El pasado 27 de octubre terminó el Sínodo para la Amazonia, celebrado en Roma. Han sido tres semanas de conversaciones e intensos debates acerca de la ordenación sacerdotal y, muy especialmente, sobre el medioambiente. Este es un tema que parece monopolizar la atención de los medios en la actualidad, y ahora tiene toda la atención de la Iglesia Católica y, en particular, del Papa Francisco.
El discurso ecologista ha sido parasitado por ideologías perversas, convirtiéndose de facto en la última causa del marxismo cultural. Y precisamente por este motivo, la Iglesia ha de navegar con cautela estas aguas, especialmente en el contexto sociocultural y geográfico de la Amazonia, considerado por muchos como uno de los reductos de la teología de la liberación, tan presente todavía en la Latinoamérica actual.
La deriva ideológica que ha adoptado el ecologismo actual también lo sitúan como antagonista al desarrollo empresarial y el libre mercado, al que critica de ‘destructor’ de comunidades, de la igualdad y, por descontado, del Planeta. Sin embargo, esta acepción del capitalismo es incorrecta por dos motivos, principalmente. En primer lugar, porque el libre mercado convive con, e incluso requiere, un proceso de destrucción creativa continua que no es sino “el hecho esencial del capitalismo”, como señala Schumpeter en Capitalismo, socialismo y democracia (1942), bajo la premisa de que, en aras de alcanzar cotas más elevadas de prosperidad, la eficiencia y la productividad dejan tras de sí aquellos sectores o empresas menos competitivos, en los que el protagonista es siempre el emprendedor innovador.

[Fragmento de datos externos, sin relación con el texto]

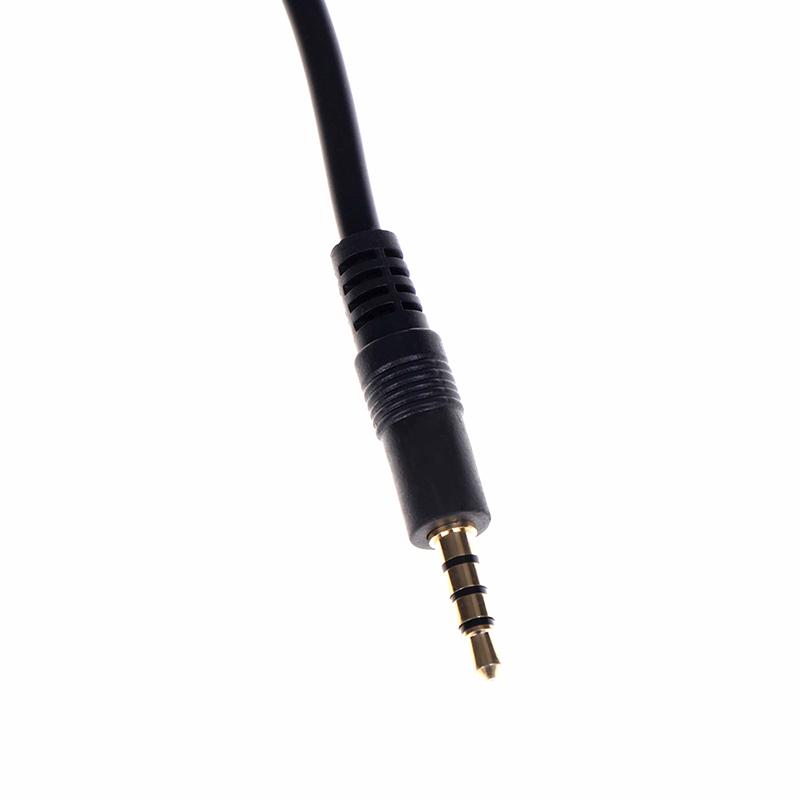 1pc Guitar Link Cable Adapter Audio Interface Converter Guitar Pedal Effects Tuner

No obstante, lo que el Sínodo y otras voces han puesto de manifiesto es el segundo factor: la continua adaptación del capitalismo. El libre mercado tiene como una de sus señas de identidad su instinto de supervivencia a través de su adaptabilidad a un mundo cambiante; a un panorama político, un contexto económico y unas demandas sociales en permanente transformación. Sin embargo, en cuanto a la actual expresión o causa ecologista, esta respuesta parece haber sido demasiado lenta y, o bien el capitalismo se transforma a sí mismo, o lo hará la presión social y una ola regulatoria de inmensas proporciones.
A esta nueva sensibilidad hacía referencia hace apenas un par de días, Ana Botín, presidenta del Banco Santander, la primera entidad financiera española y el mayor banco de la Eurozona, en el marco de la XII Conferencia Internacional de Banca. Como señaló Botín, es preciso “reformar el capitalismo” y repensar el papel que las empresas juegan en la sociedad.
Esta nueva mentalidad que ha de adoptar la empresa privada va mucho más allá del ya clásico debate Friedman (teoría de los shareholders)-Freeman (teoría de los stakeholders). Ha de responder a una súplica —y, cada vez más, exigencia— social que, además, es ‘licencia’ para operar. Y aquí, la fe cristiana puede —y debe— arrojar luz. Como señala el Génesis, Dios dejó al hombre como guardián de la naturaleza e instó a que fuésemos co-creadores con Él. Por ello, el pesimismo antropológico que se ha apoderado del ecologismo no se explica salvo bajo la óptica marxista, que ha encontrado a su enemigo en la capacidad creativa del libre mercado.
Ante este panorama, la reflexión ha de ser doble. Por un lado, el capitalismo ha de transformarse profundamente para adaptarse a estas nuevas realidades sociales y demandas medioambientales. Y, simultáneamente, ha de ser capaz de transmitir los cambios que protagoniza, bajo la premisa de que no sólo se acomodan mejor al contexto que le rodea, sino que también salvaguarda la libertad, tan frecuentemente olvidada en la búsqueda de la igualdad.